As a kid, Immanuel Patton promised his mother that they would earn their degrees together.
Nearly 20 years after making a commitment to graduate from college together, a mother from Maryland and her son both wrapped up 2022 by receiving their college diplomas from the same university. On December 16, 2022, Immanuel Patton, 23, and his mother Carolyn, 63, accepted their university degrees from the University of Maryland Global Campus (UMGC) in Adelphi—a suburb of Baltimore. Carolyn graduated with a bachelor's degree in the humanities while Immanuel received a bachelor's degree in public safety administration. According to The Washington Post, Patton promised Carolyn when he was in kindergarten that they would graduate together. "I'd brought it up several times over the years, especially when my sister got her bachelor's degree," he said. "I told my mom, 'It's almost time. We can get this done together.'"
Carolyn, a single mother of two, shared that although she had always been motivated to earn her bachelor's degree, the demands of daily life had prevented her from doing so. After completing an associate's degree in electronic technology from a community college in Mississippi and another associate's degree in transfer studies from Anne Arundel Community College, she made two attempts to complete her bachelor's degree, reports WBAL-TV 11, a local NBC affiliate. Finally, it was her son—who was working on his own degree—who helped her achieve her dream by constantly encouraging her. The road to graduation wasn't always smooth as Carolyn acknowledged that it was occasionally difficult to finish her degree while also working.
Last wk, Carolyn & Immanuel Patton graduated together from @umdglobalcampus—a journey that began 20 yrs ago. Along the way, mom & son coached each other, supported each other, picked each other up when it all seemed too much. Congrats to this amazing duo. https://t.co/kV3QEc40KR— Jay A. Perman, MD (@JayPerman) December 21, 2022
For two years, Carolyn recalled, she and her son gave each other encouragement and assistance with coursework. "He'd have his laptop in one part of the house, and I'd be in my space with mine," she said. "If one of us needed help with something, we'd just go check in with each other." It was sometimes difficult for her to focus on her studies after working an eight-hour shift, Carolyn shared. "I have to admit that I had a few meltdowns," she said. "Sometimes, it just seemed too overwhelming, and I told Immanuel that I wanted to quit. But he wouldn't hear of it." Patton—who also earned two associate degrees from a junior college: one in general studies and one in business management—hit a rough patch in his studies too. He was once put on academic probation when his grade-point average dropped to 1.0.
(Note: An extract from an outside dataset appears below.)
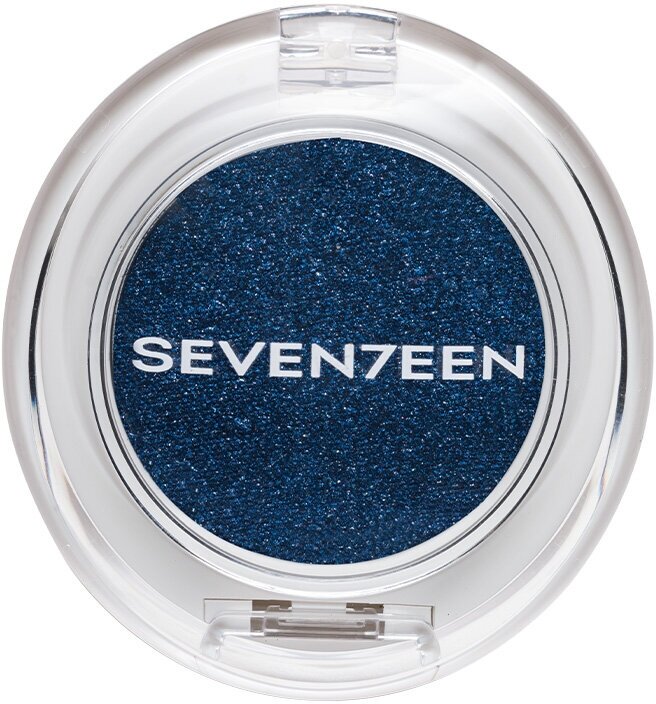 SEVEN7EEN Тени для век компактные EXTRA SPARKLE SHADOW METALLIC №02, джинсовый синий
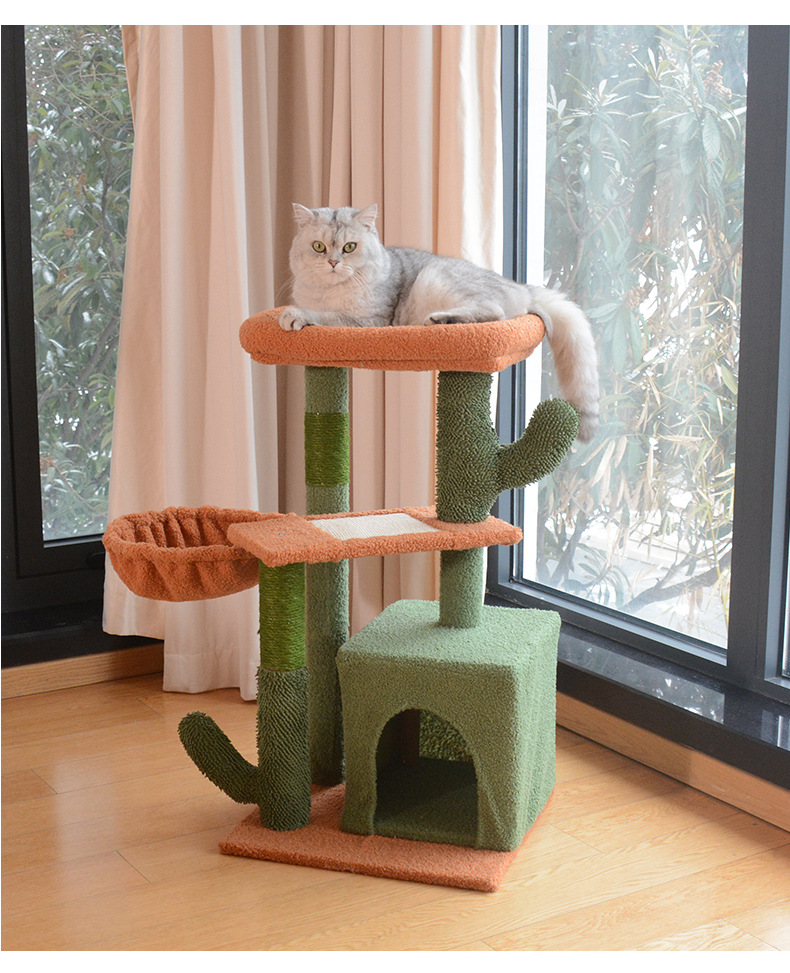 Luxury Cat Tree - Multi-Level Cat Tower with Sisal Scratching Posts, Cozy Beds, and Playful Features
However, the mother-son duo promised to study together, support one another and eventually finish their degrees. The Pattons celebrated their shared accomplishment on graduation day by taking pictures with Gregory Fowler, the president of UMGC. "We are inspired by Immanuel's commitment to support his mother – for him to make that pledge at such a young age is truly remarkable," Fowler stated. Speaking of what life would be like after graduation, Carolyn—who has worked as a coordinator of student services at Anne Arundel Community College in Arnold, Maryland, since 2001—shared that she intends to use her bachelor's degree to get a raise at work. Meanwhile, Patton stated that he is currently looking for a job, possibly in academic advising, given what he learned from those who helped support him and his mother while they attended school.
Immanuel Patton made a promise to his mother, Carolyn Patton, in kindergarten that he would make sure she got a college degree at the same time he got his https://t.co/m0GamtQrmz— KVUE News (@KVUE) December 19, 2022
Carolyn, who purchased a one-way bus ticket from Mississippi to Maryland in 1989, compared continuing her education to taking another leap of faith. "I moved here with my daughter and stayed with a relative for 15 months until one day I caught a bus to a community college to see what else I could do for myself," she said. "I wanted a better life." When she and her son received their diplomas at their graduation last month, there were many joyful tears shed, said Carolyn. Her 82-year-old mother, Arleaver Patton, was among the audience members cheering. "Don't let anything get you off track from what you really want in life," said Patton. "I've always wanted this for my mom. And I'll be happy forever that she took me up on it."